_Records drawn from a dataset_
::::::::

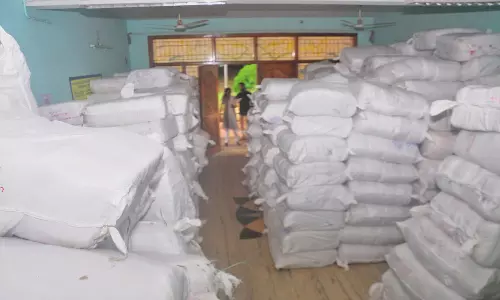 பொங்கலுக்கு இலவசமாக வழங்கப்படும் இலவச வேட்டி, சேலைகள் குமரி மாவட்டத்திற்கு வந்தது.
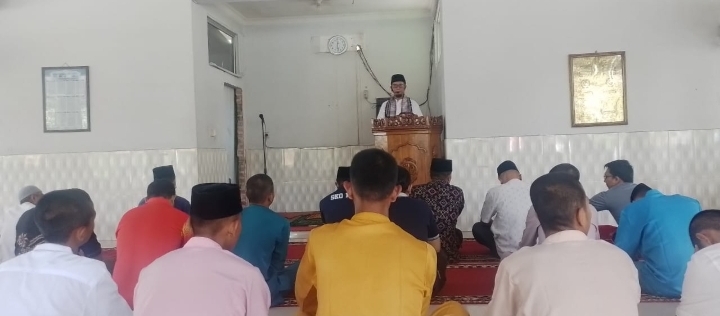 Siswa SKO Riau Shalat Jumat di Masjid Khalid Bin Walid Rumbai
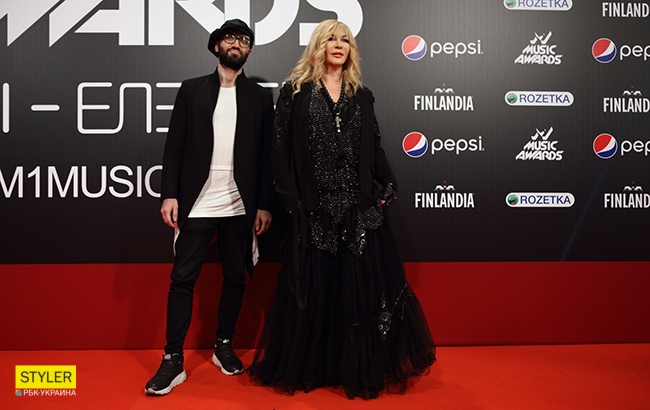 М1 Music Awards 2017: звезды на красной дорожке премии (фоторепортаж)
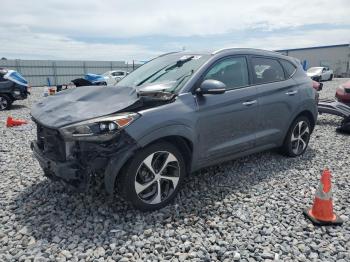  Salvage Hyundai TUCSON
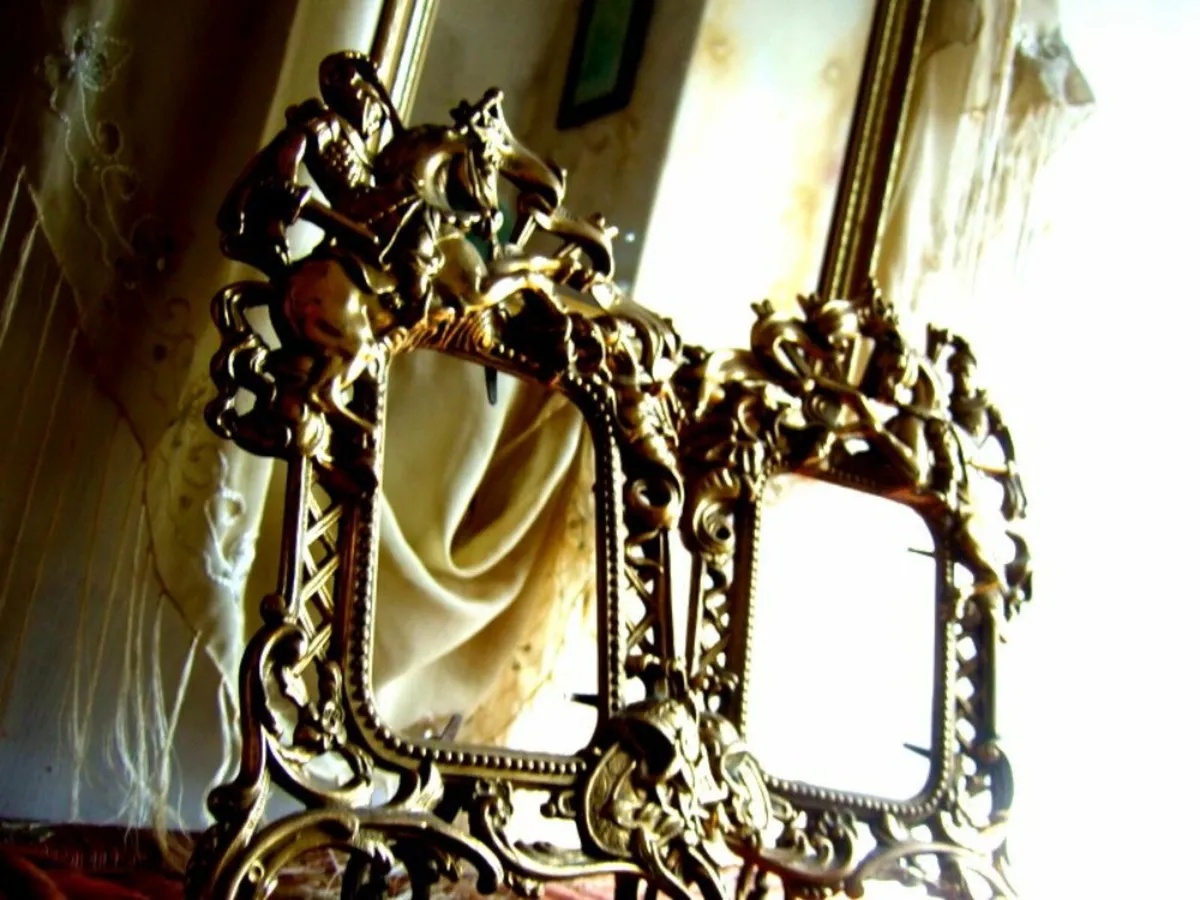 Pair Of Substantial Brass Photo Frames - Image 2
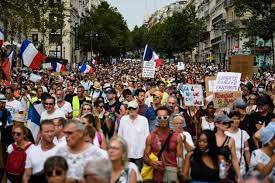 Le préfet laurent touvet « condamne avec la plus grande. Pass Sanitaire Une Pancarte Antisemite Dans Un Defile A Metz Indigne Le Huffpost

::::::::

_WHAT IS NEEDED_
Although the records hold pictures, return only what remains, word for word.

_EXERCISE OUTPUT_
 பொங்கலுக்கு இலவசமாக வழங்கப்படும் இலவச வேட்டி, சேலைகள் குமரி மாவட்டத்திற்கு வந்தது.
 Siswa SKO Riau Shalat Jumat di Masjid Khalid Bin Walid Rumbai
 М1 Music Awards 2017: звезды на красной дорожке премии (фоторепортаж)
  Salvage Hyundai TUCSON
 Pair Of Substantial Brass Photo Frames - Image 2
 Le préfet laurent touvet « condamne avec la plus grande. Pass Sanitaire Une Pancarte Antisemite Dans Un Defile A Metz Indigne Le Huffpost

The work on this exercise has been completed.